It's very easy to attribute America's place in the world to our creation myths. You know, things like "Manifest Destiny", frontier spirit, "Don't Tread on Me", or even the honor-cruelty dichotomy of America's warrior hicks Jacksonians. The truth of course much more complex than what we like to tell ourselves. I would like to emphasize that one of the structural reasons that has made America strong is shared by all the countries of the West. I like to call it Sustainable Development. It's a confusing term, really. I don't mean that form of environmentalism that restricts entrepenuership in the service of a condescending worldview.
To me it's a more organic notion. It means that economic activity is self-perpetuating. That longevity is not due to adherence to psuedoscientifc truisms, but instead to the very nature of the economic activity. Kind of like, planting trees to replace the ones you log, only so that you can log them and replace them again. Or making cars cheap enough, and paying your employees more than enough to make sure that your cars become indispensible. In government that means following reasonably sane anti-trust policies, and ensuring a level playing field for healthy competition (not just targeting your campaing contibutor's rival that's kicking his -- and everyone else's -- ass).
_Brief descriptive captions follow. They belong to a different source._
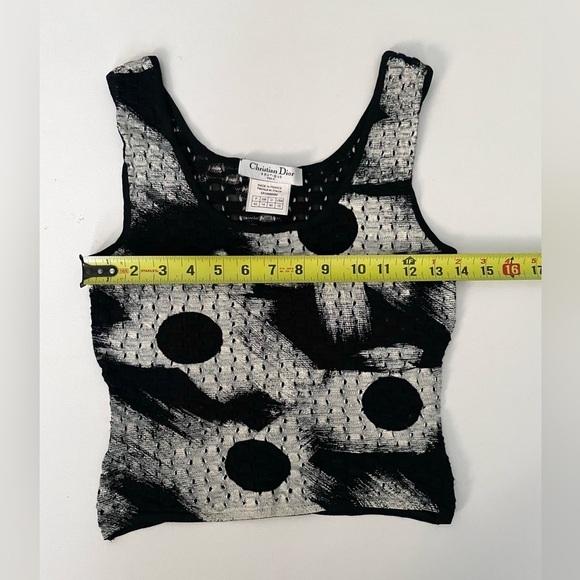 Christian Dior Boutique Galliano Era Crop Knit Painted Perforated Tank Art 10 - Picture 9 of 10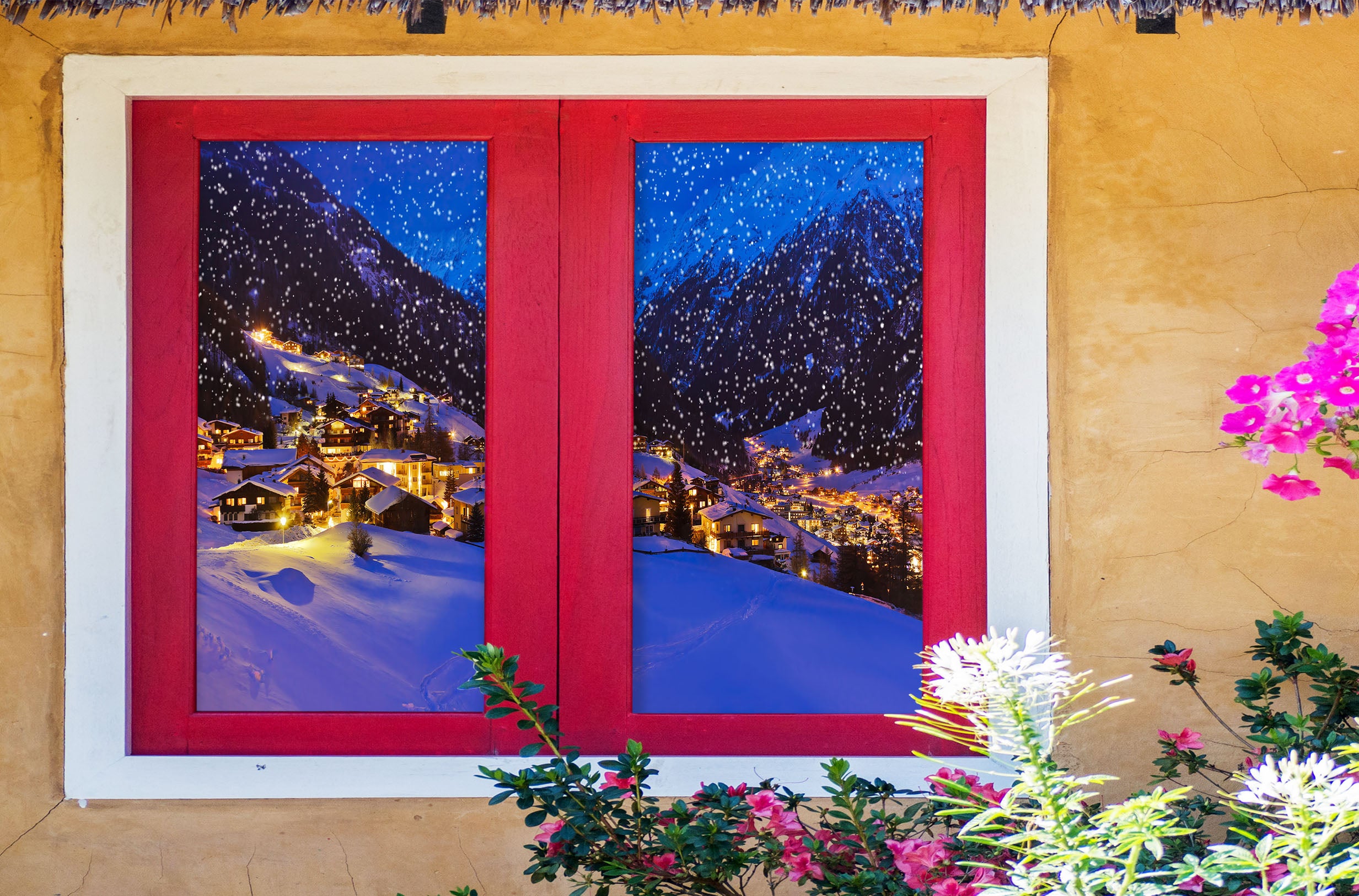 3D Snow House 31067 Christmas Window Film Print Sticker Cling Stained Glass Xmas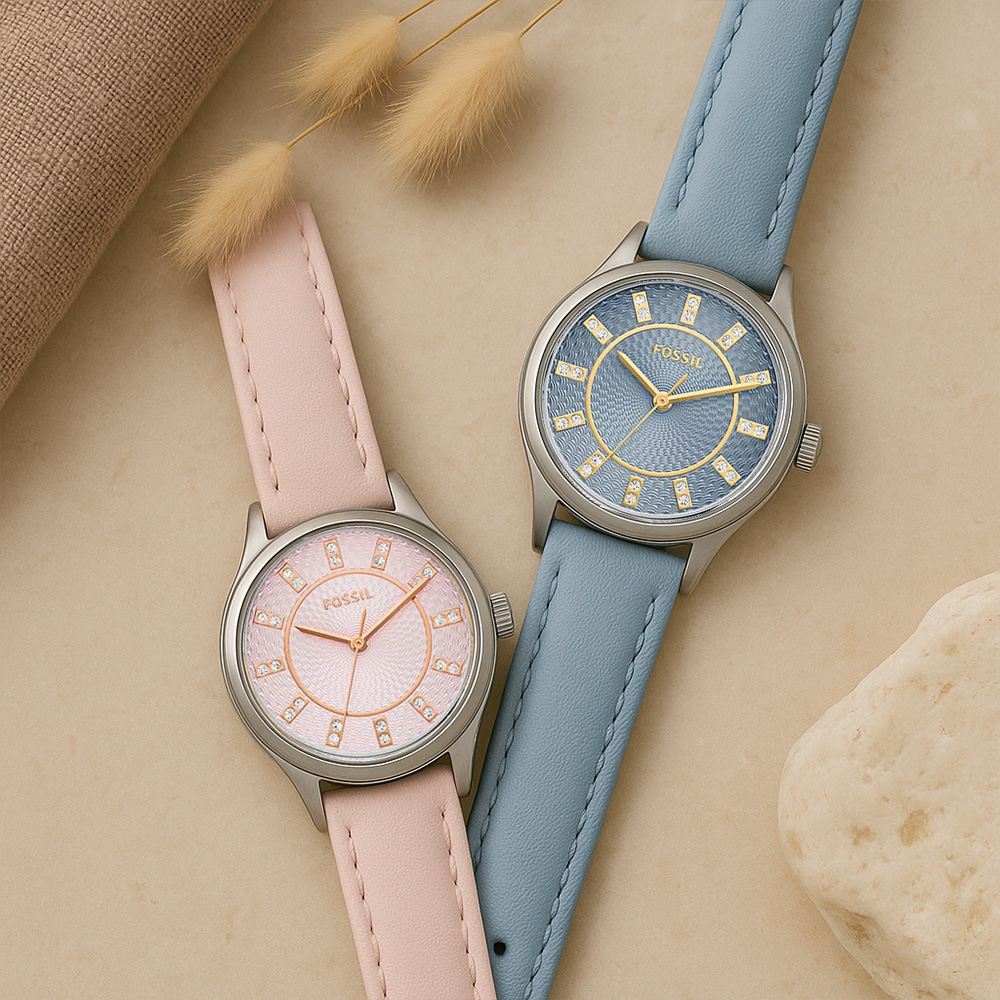 【FOSSIL】BQ3871 BQ3872 小巧錶盤 晶鑽時標 羅馬數字 皮革 石英錶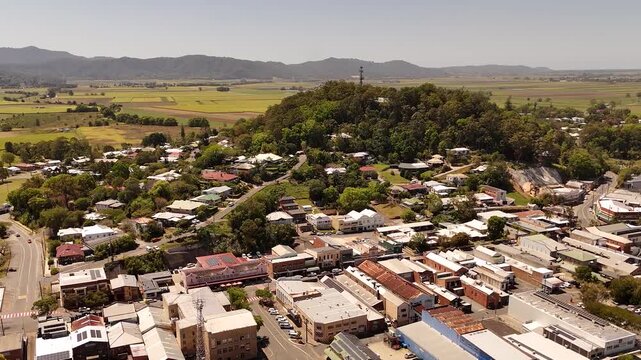 Drone footage of Murwillumbah looking north in northern New South Wales in Spring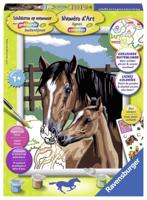 Ravensburger Schilderen op nummer Merrie met haar veulen - thumbnail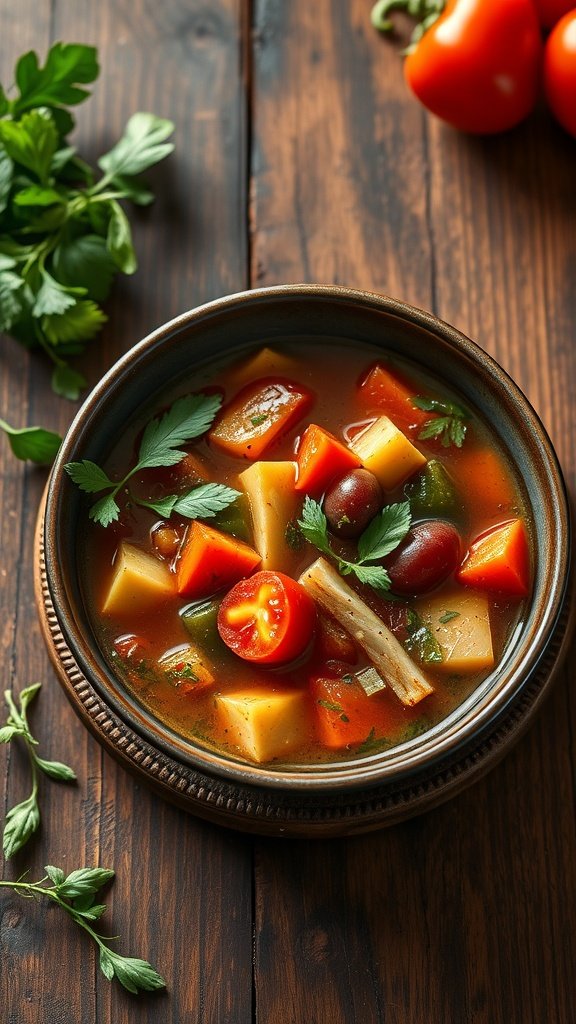 A bowl of hearty vegetable soup on a wooden table, surrounded by fresh herbs and vegetables.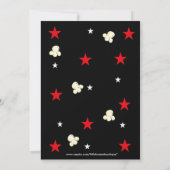 映画夜フィルムのストリップのポップコーンの誕生日の招待状 招待状 (裏面)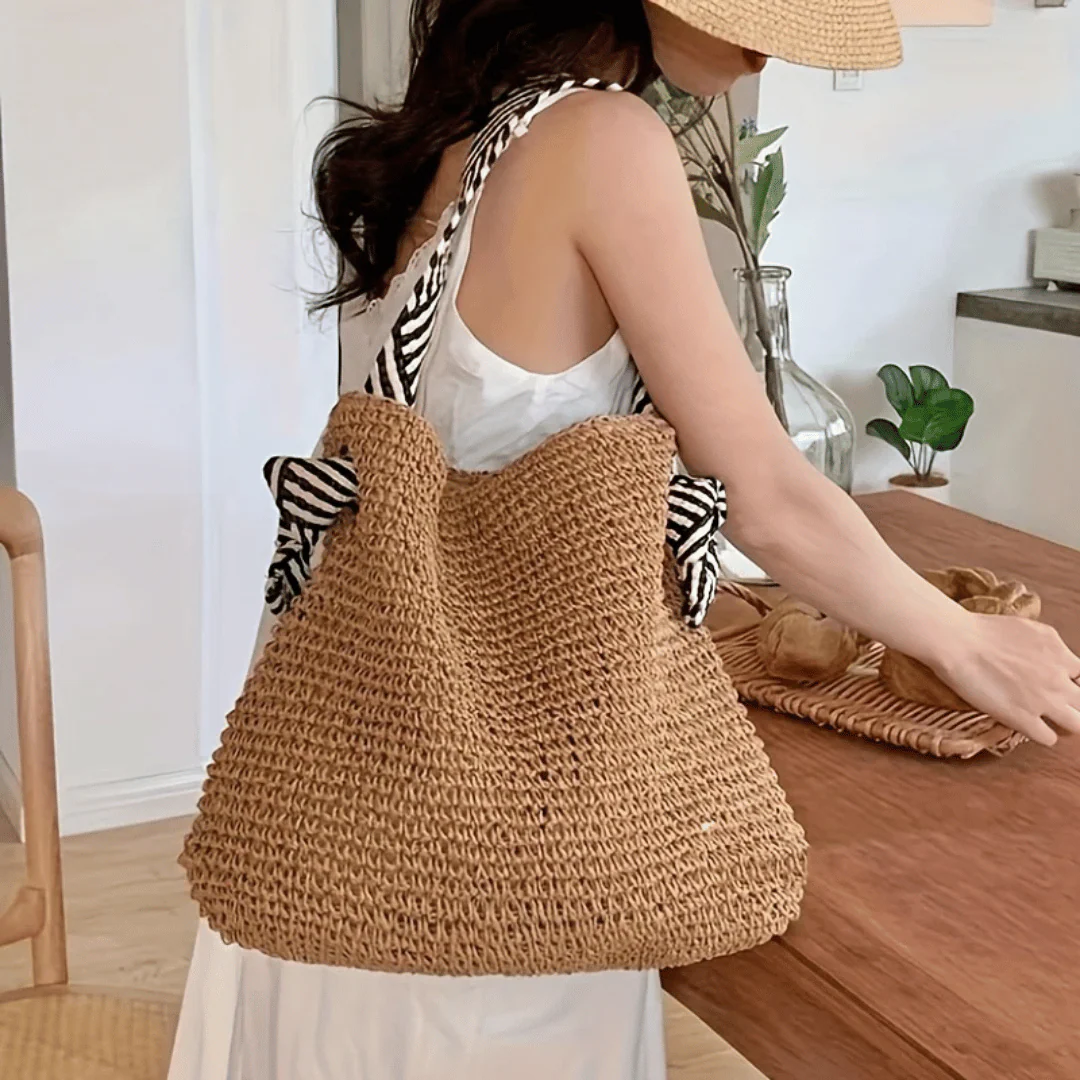 Casey | Torebka damska boho typu shopper na lato pojemna casual - Image 3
This is not a viewpoint exhbited by Liberian President Taylor's Life of Crime. After he came to power, he wrecked his country so that he could be rich. Then he pissed off all of his neighbors. What a jackass. But it serves to highlight a basic, and most fundamental difference betweent the West and the Rest: When we compete to see who's at the top we don't screw it up for everybody else, because that only undermines the winner's future growth and destroys potential. Bernard Lewis illuminates the difference far better than I do as he contemplates economics and government corruption in What Went Wrong?, pg. 63:
In the West, one makes money in the market, and uses it to buy or influence power. In the East, one siezes power, and uses it to make money. Morally there is no difference from the two, but their impact on the economy and on the polity is very different.